For instance, we see that using forward stepwise selection, the best
one-variable model contains only CRBI
, and the best
two-variable model additionally includes Hits
. For this
data, the best one-variable through six-variable models are each
identical for best subset and forward selection. However, the best
seven-variable models identified by forward stepwise selection, backward
stepwise selection, and best subset selection are different.
coef(regfit.full, 7)
## (Intercept) Hits Walks CAtBat CHits CHmRun
## 79.4509472 1.2833513 3.2274264 -0.3752350 1.4957073 1.4420538
## DivisionW PutOuts
## -129.9866432 0.2366813
coef(regfit.fwd, 7)
## (Intercept) AtBat Hits Walks CRBI CWalks
## 109.7873062 -1.9588851 7.4498772 4.9131401 0.8537622 -0.3053070
## DivisionW PutOuts
## -127.1223928 0.2533404
coef(regfit.bwd, 7)
## (Intercept) AtBat Hits Walks CRuns CWalks
## 105.6487488 -1.9762838 6.7574914 6.0558691 1.1293095 -0.7163346
## DivisionW PutOuts
## -116.1692169 0.3028847
We just saw that it is possible to choose among a set of models of different sizes using \(C_p\), BIC, and adjusted \(R^2\). We will now consider how to do this using the validation set and cross-validation approaches.
In order for these approaches to yield accurate estimates of the test error, we must use only the training observations to perform all aspects of model-fitting—including variable selection. Therefore, the determination of which model of a given size is best must be made using only the training observations. This point is subtle but important. If the full data set is used to perform the best subset selection step, the validation set errors and cross-validation errors that we obtain will not be accurate estimates of the test error.

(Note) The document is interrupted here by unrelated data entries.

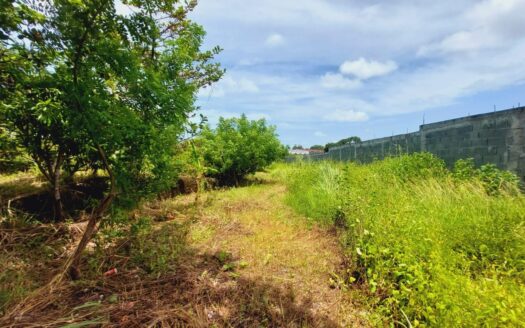 Buen tamaño de lote in Cabuya-Coronado – MLS 23037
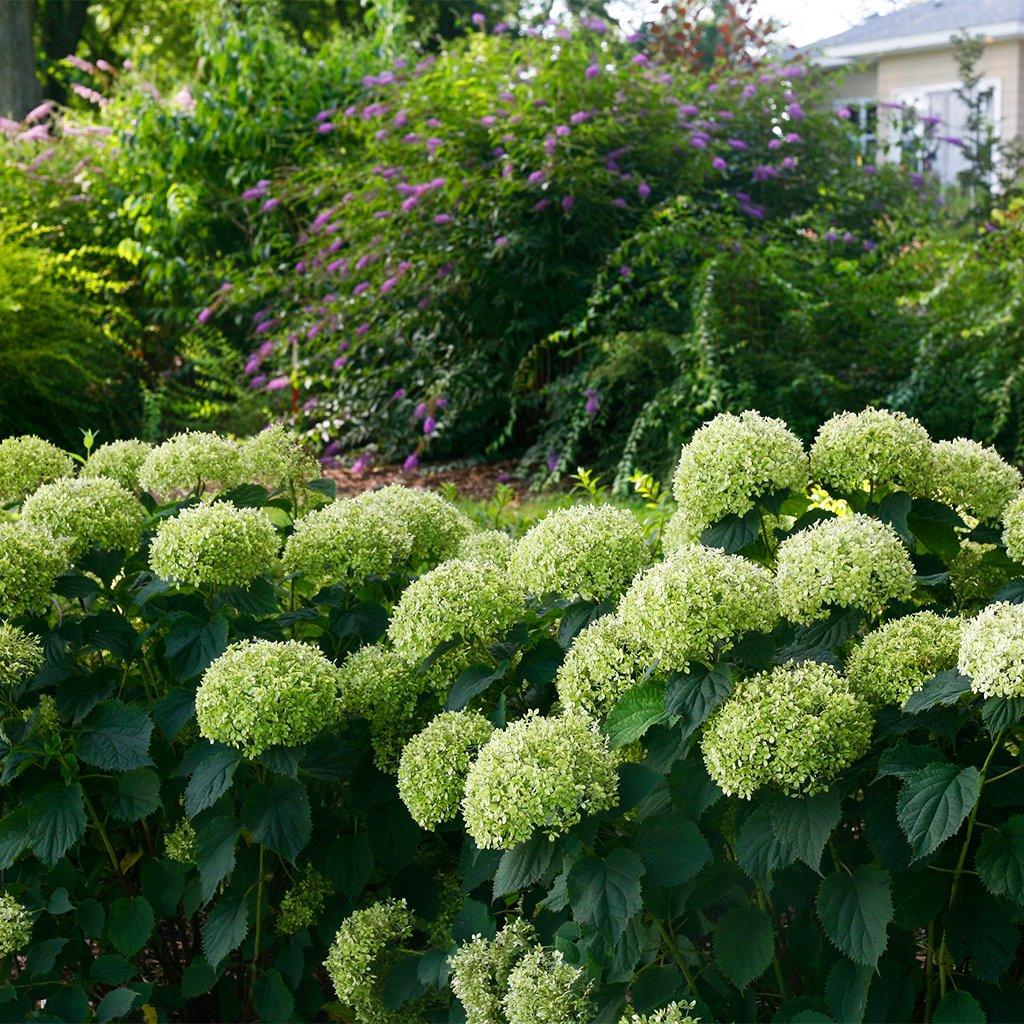 Invincibelle Limetta® Smooth Hydrangea PW® # 2 PW Cont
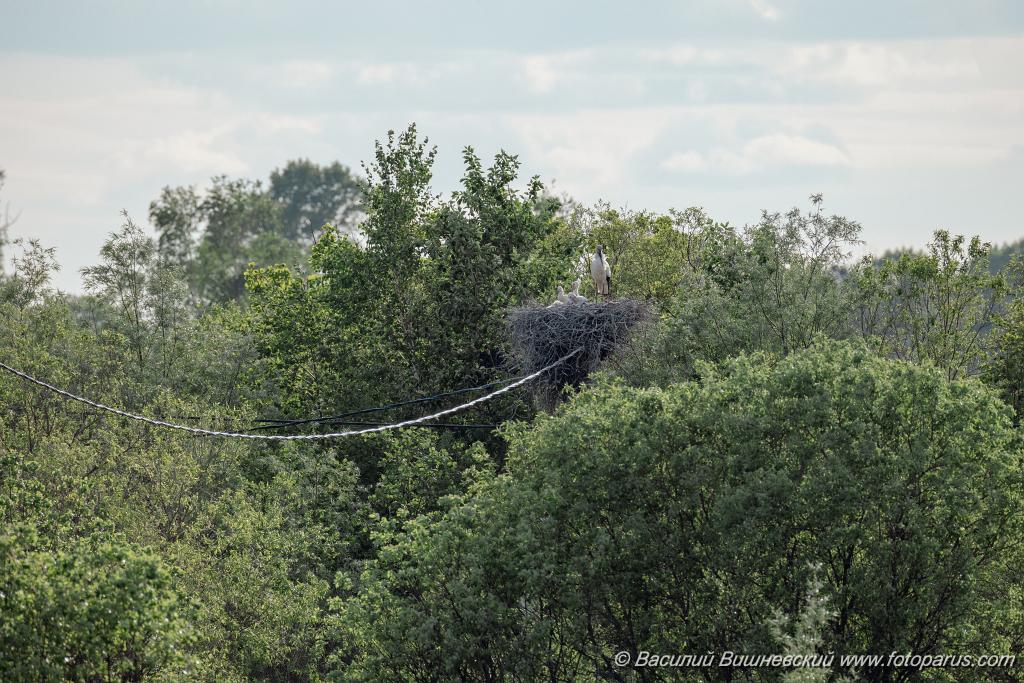 nest240528-1_Ciconia_boyciana_2024_0528_1123.jpg - Еврейская автономная область. Смидовичский район. 28 мая 2024 г. Аист дальневосточный. White Stork (Ciconia boyciana).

In order to use the validation set approach, we begin by splitting
the observations into a training set and a test set. We do this by
creating a random vector, train
, of elements equal to
TRUE
if the corresponding observation is in the training
set, and FALSE
otherwise. The vector test
has
a TRUE
if the observation is in the test set, and a
FALSE
otherwise. Note the !
in the command to
create test
causes TRUE
s to be switched to
FALSE
s and vice versa. We also set a random seed so that
the user will obtain the same training set/test set split.
set.seed(1)
train <- sample(c(TRUE, FALSE), nrow(Hitters),
replace = TRUE)
test <- (!train)
Now, we apply regsubsets()
to the training set in order
to perform best subset selection.
regfit.best <- regsubsets(Salary ~ .,
data = Hitters[train, ], nvmax = 19)
Notice that we subset the Hitters
data frame directly in
the call in order to access only the training subset of the data, using
the expression Hitters[train, ]
. We now compute the
validation set error for the best model of each model size. We first
make a model matrix from the test data.
test.mat <- model.matrix(Salary ~ ., data = Hitters[test, ])
The model.matrix()
function is used in many regression
packages for building an “X” matrix from data. Now we run a loop, and
for each size i
, we extract the coefficients from
regfit.best
for the best model of that size, multiply them
into the appropriate columns of the test model matrix to form the
predictions, and compute the test MSE.
val.errors <- rep(NA, 19)
for (i in 1:19) {
coefi <- coef(regfit.best, id = i)
pred <- test.mat[, names(coefi)] %*% coefi
val.errors[i] <- mean((Hitters$Salary[test] - pred)^2)
}
We find that the best model is the one that contains seven variables.
val.errors
## [1] 164377.3 144405.5 152175.7 145198.4 137902.1 139175.7 126849.0 136191.4
## [9] 132889.6 135434.9 136963.3 140694.9 140690.9 141951.2 141508.2 142164.4
## [17] 141767.4 142339.6 142238.2
which.min(val.errors)
## [1] 7
coef(regfit.best, 7)
## (Intercept) AtBat Hits Walks CRuns CWalks
## 67.1085369 -2.1462987 7.0149547 8.0716640 1.2425113 -0.8337844
## DivisionW PutOuts
## -118.4364998 0.2526925
This was a little tedious, partly because there is no
predict()
method for regsubsets()
. Since we
will be using this function again, we can capture our steps above and
write our own predict method.
predict.regsubsets <- function(object, newdata, id, ...) {
form <- as.formula(object$call[[2]])
mat <- model.matrix(form, newdata)
coefi <- coef(object, id = id)
xvars <- names(coefi)
mat[, xvars] %*% coefi
}
Our function pretty much mimics what we did above. The only complex
part is how we extracted the formula used in the call to
regsubsets()
. We demonstrate how we use this function
below, when we do cross-validation.
Finally, we perform best subset selection on the full data set, and select the best seven-variable model. It is important that we make use of the full data set in order to obtain more accurate coefficient estimates. Note that we perform best subset selection on the full data set and select the best seven-variable model, rather than simply using the variables that were obtained from the training set, because the best seven-variable model on the full data set may differ from the corresponding model on the training set.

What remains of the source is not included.